Implementation:Huggingface Diffusers ControlNet Pipeline Call

Property	Value
Implementation Name	StableDiffusionControlNetPipeline.__call__
Type	API Doc
Workflow	ControlNet_Guided_Generation
Related Principle	Huggingface_Diffusers_Conditioning_Scale_Control
Source File	`src/diffusers/pipelines/controlnet/pipeline_controlnet.py`
Lines	L909-L1336
Status	Active
Implements	Principle:Huggingface_Diffusers_Conditioning_Scale_Control

API Signature

@torch.no_grad()
def __call__(
    self,
    prompt: str | list[str] = None,
    image: PipelineImageInput = None,
    height: int | None = None,
    width: int | None = None,
    num_inference_steps: int = 50,
    timesteps: list[int] = None,
    sigmas: list[float] = None,
    guidance_scale: float = 7.5,
    negative_prompt: str | list[str] | None = None,
    num_images_per_prompt: int | None = 1,
    eta: float = 0.0,
    generator: torch.Generator | list[torch.Generator] | None = None,
    latents: torch.Tensor | None = None,
    prompt_embeds: torch.Tensor | None = None,
    negative_prompt_embeds: torch.Tensor | None = None,
    ip_adapter_image: PipelineImageInput | None = None,
    ip_adapter_image_embeds: list[torch.Tensor] | None = None,
    output_type: str | None = "pil",
    return_dict: bool = True,
    cross_attention_kwargs: dict[str, Any] | None = None,
    controlnet_conditioning_scale: float | list[float] = 1.0,
    guess_mode: bool = False,
    control_guidance_start: float | list[float] = 0.0,
    control_guidance_end: float | list[float] = 1.0,
    clip_skip: int | None = None,
    callback_on_step_end: Callable | PipelineCallback | MultiPipelineCallbacks | None = None,
    callback_on_step_end_tensor_inputs: list[str] = ["latents"],
    **kwargs,
) -> StableDiffusionPipelineOutput | tuple:

Class: StableDiffusionControlNetPipeline

Import:

from diffusers import StableDiffusionControlNetPipeline, ControlNetModel

Key Parameters

Parameter	Type	Default	Description
`prompt`	list[str]	`None`	Text prompt(s) guiding generation. Required unless `prompt_embeds` is provided.
`image`	`PipelineImageInput`	`None`	ControlNet conditioning image(s). For MultiControlNet, pass a list of images.
`height`	None	Auto	Output image height. Defaults to `unet.config.sample_size * vae_scale_factor`.
`width`	None	Auto	Output image width.

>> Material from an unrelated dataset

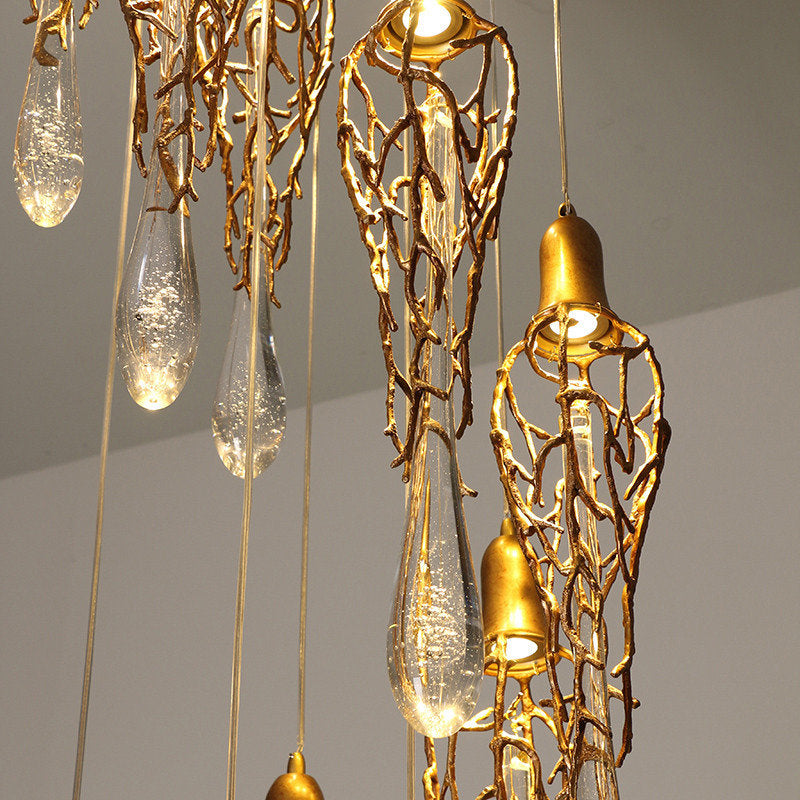 MIRODEMI? Andora | Creative Crystal Chandelier with Clear Glass Drops, 18 Lights, Warm LightBy Miron Demid LLC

Defaults to `unet.config.sample_size * vae_scale_factor`.
`num_inference_steps`	`int`	`50`	Number of denoising steps.
`guidance_scale`	`float`	`7.5`	Classifier-free guidance scale. Higher values increase text adherence.
`controlnet_conditioning_scale`	list[float]	`1.0`	ControlNet output multiplier. Controls spatial conditioning strength. List for MultiControlNet.
`guess_mode`	`bool`	`False`	ControlNet recognizes content without text prompts. Recommended `guidance_scale` 3.0-5.0.
`control_guidance_start`	list[float]	`0.0`	Fraction of steps at which ControlNet starts. List for MultiControlNet.
`control_guidance_end`	list[float]	`1.0`	Fraction of steps at which ControlNet stops. List for MultiControlNet.
`negative_prompt`	list[str] \| None	`None`	Negative prompt for classifier-free guidance.
`num_images_per_prompt`	`int`	`1`	Number of images per prompt.
`clip_skip`	None	`None`	Number of CLIP layers to skip for prompt encoding.

Return Value

Type	Description
`StableDiffusionPipelineOutput`	Contains `.images` (list of PIL Images or numpy arrays) and `.nsfw_content_detected`.
`tuple`	When `return_dict=False`, returns `(images, nsfw_content_detected)`.

Execution Flow

The __call__ method executes the following stages:

1. Input Validation and Setup

# Align control guidance formats for single/multi ControlNet
if not isinstance(control_guidance_start, list) and isinstance(control_guidance_end, list):
    control_guidance_start = len(control_guidance_end) * [control_guidance_start]
# ... similar alignment for other combinations

# Validate all inputs
self.check_inputs(prompt, image, ..., controlnet_conditioning_scale,
                  control_guidance_start, control_guidance_end, ...)

2. Prompt Encoding

Text prompts are encoded via CLIP and optionally concatenated with negative prompt embeddings for CFG.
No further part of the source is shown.